Provincial action has followed as well. Manitoba passed legislation in June 2025 aimed at preventing new grocery property controls and dealing with existing restrictions. These developments do not resolve the national investigation into Empire, but they show that lease language once treated largely as a private commercial matter is now receiving public-policy and enforcement attention. Grocers, landlords, property sellers and developers may all face questions about whether restrictions are necessary, proportionate and compatible with the Competition Act.
What Could Happen Next
The immediate next step is compliance with the Federal Court orders and the Bureau’s review of the information it receives. The new material is expected to help investigators examine how Empire negotiates property controls and evaluate their potential effects in markets across Canada. Because competition analysis is highly fact-specific, a clause that raises concern in a one-store town may not produce the same result in a large urban market with numerous viable sites.

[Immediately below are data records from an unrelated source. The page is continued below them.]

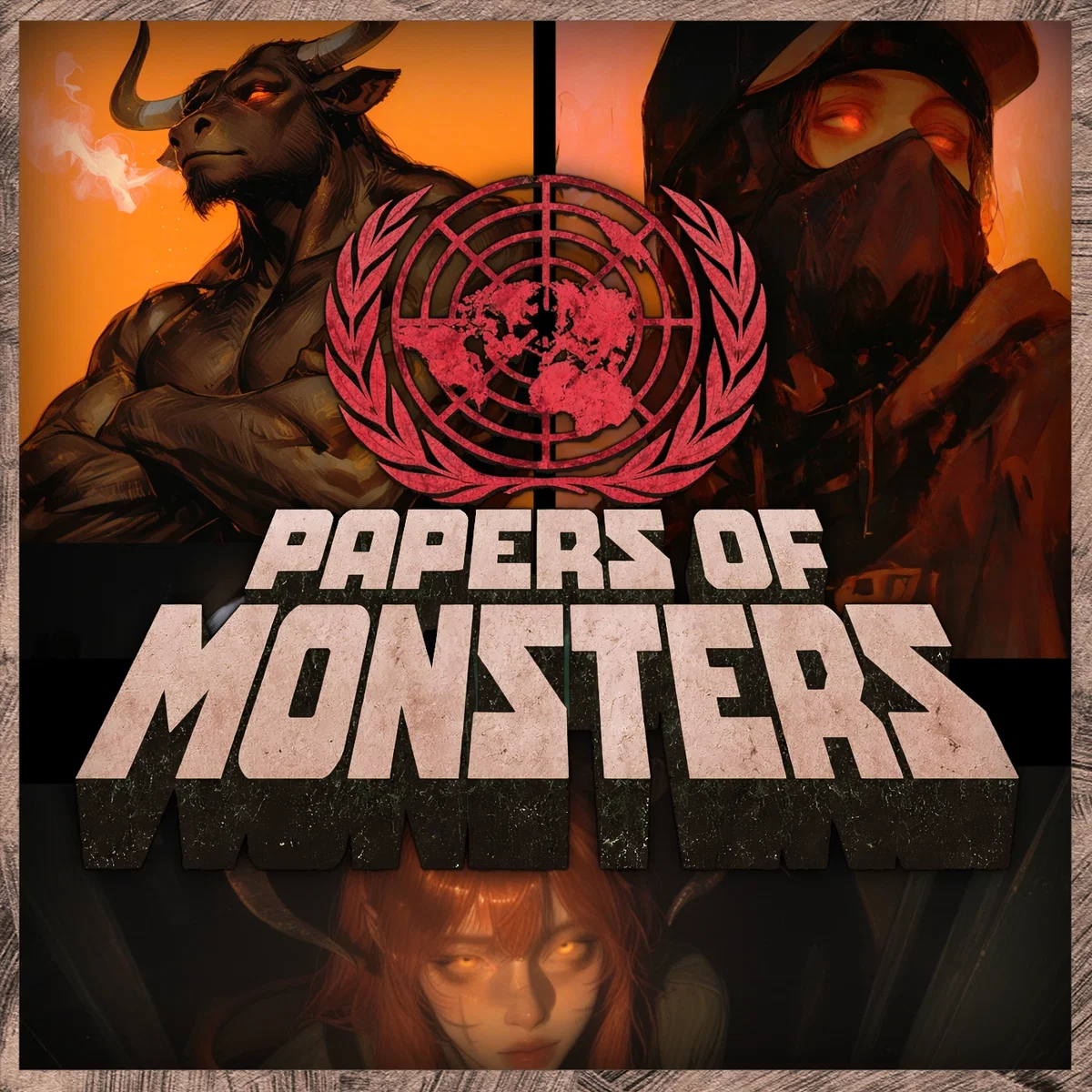 Avatar of Papers of Monsters - I had to let a bunch of freaks through yesterday and some eldritch being working at Wendy's gave this guy some Tomatonator, Great old one gave him, look at this fucking thing dude. What the fuck is this shit? Dude asks these mf for a b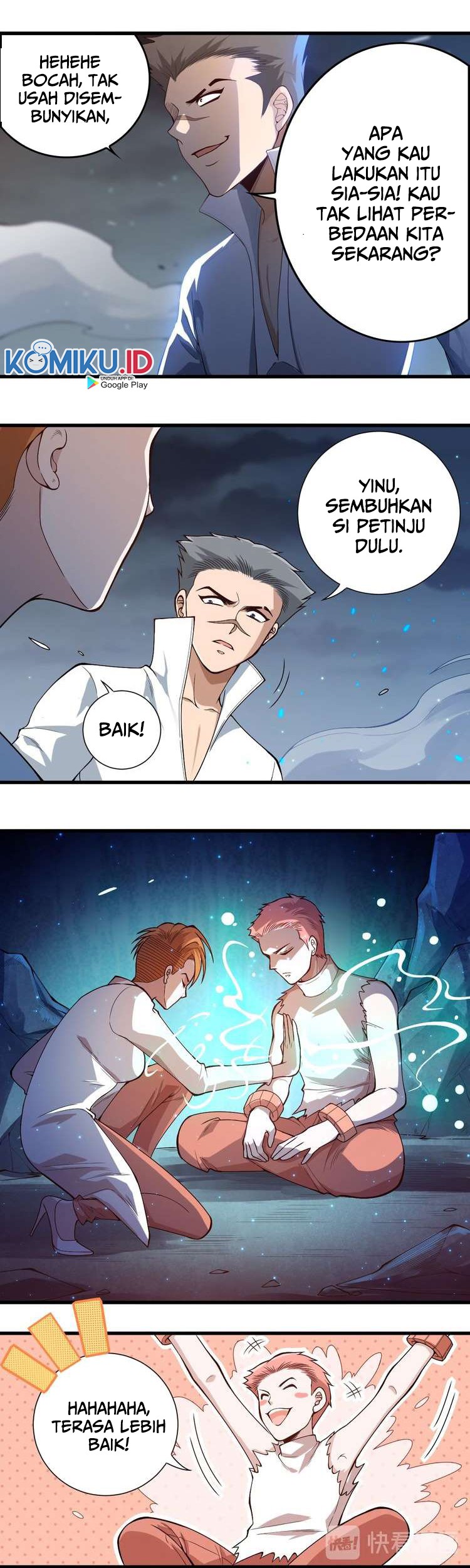 Ultimate Soldier Chapter 68 - halaman 35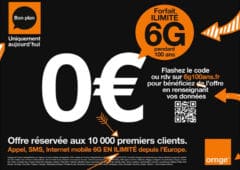 orange offre 6g 100 ans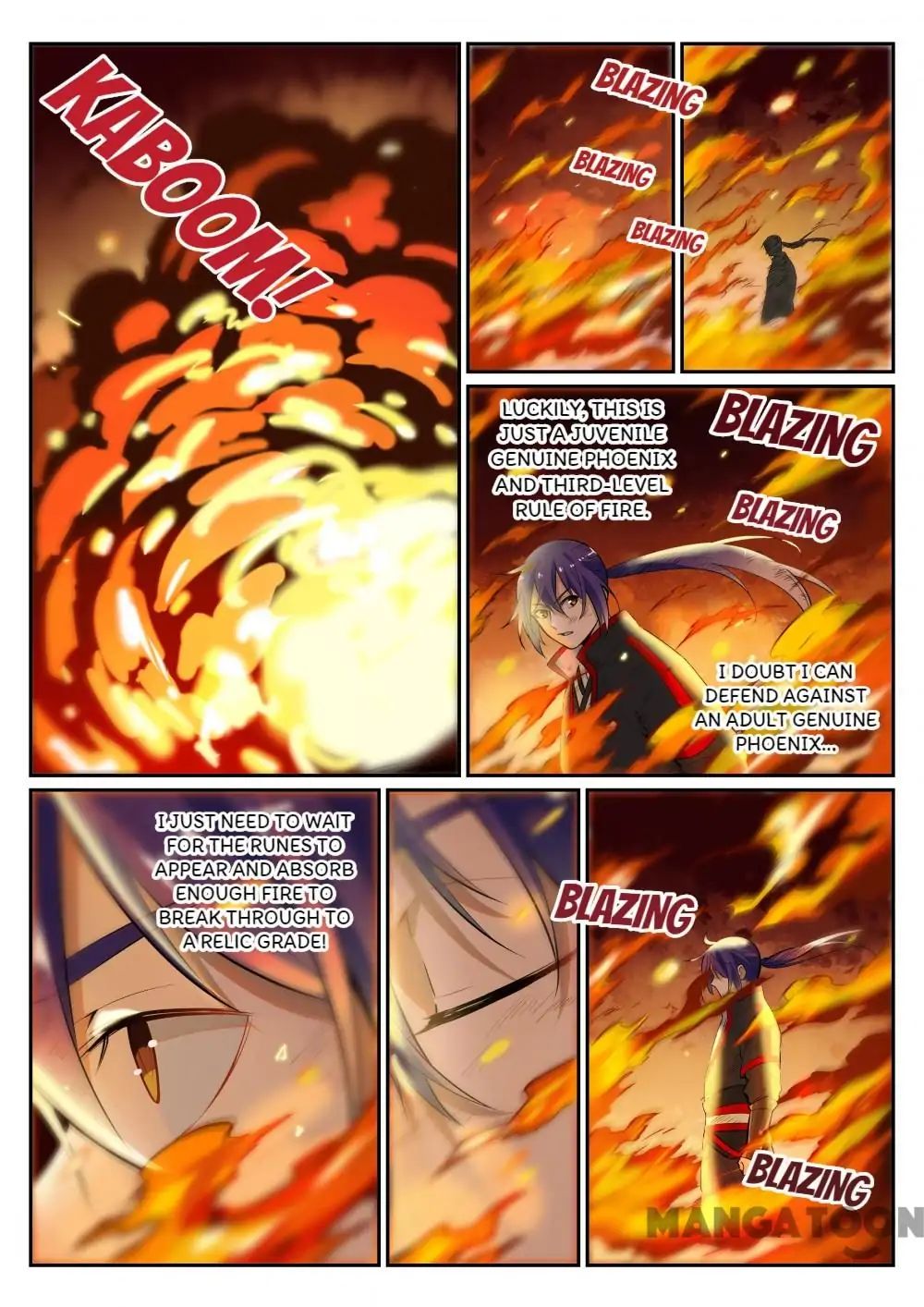 Apotheosis – Ascension to Godhood chapter 393 page 14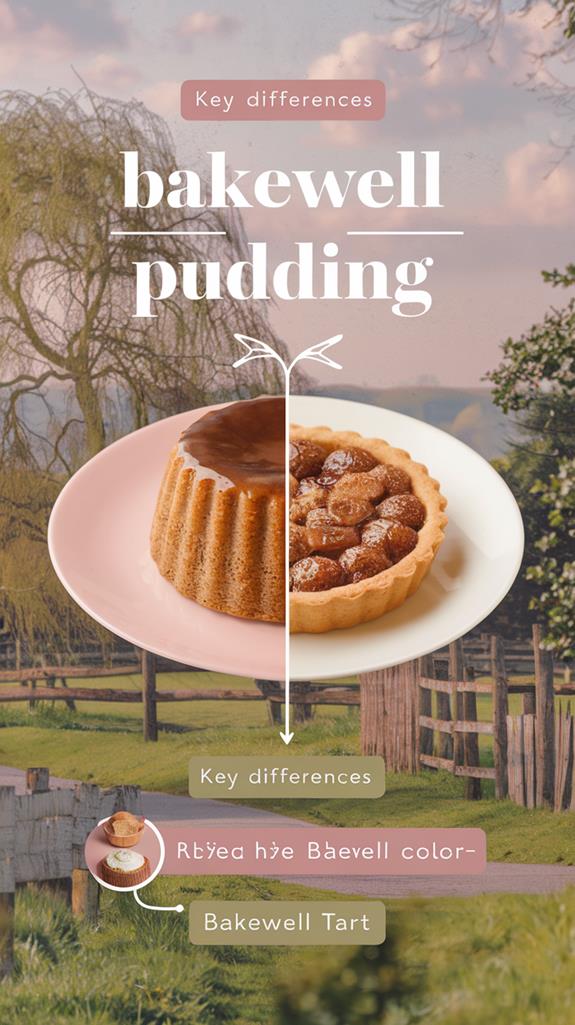 bakewell pudding vs tart
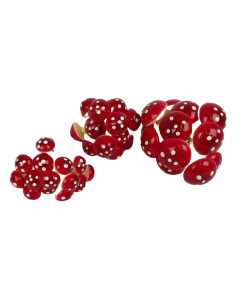 Assorted Mushrooms - 3cm, 2.5cm & 2cm x 36pcs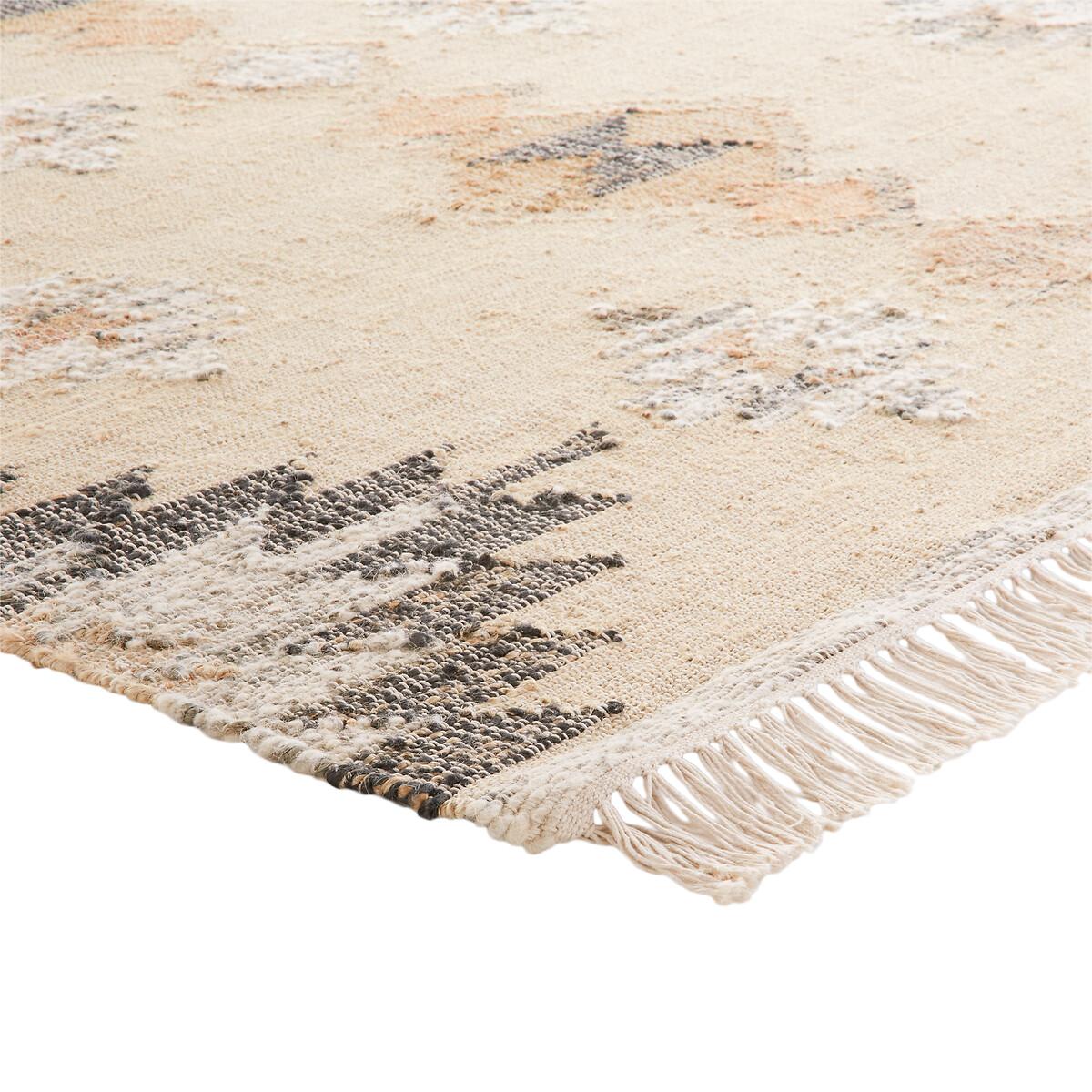 Maya Aged Effect Kilim Rug – image 3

If the Bureau ultimately concludes that a property control meets the legal tests for anti-competitive conduct, its guidance says it may seek an order stopping the clause from being used or enforced, measures designed to restore competition, and, in some circumstances, administrative monetary penalties. Those outcomes are possibilities, not predictions, and the Bureau has not announced a timeline or said what result it expects. For shoppers, the significance of the new orders is therefore less about an immediate change at checkout and more about whether Canada’s competition watchdog can uncover—and remove—real-estate barriers that keep new grocery choices from opening.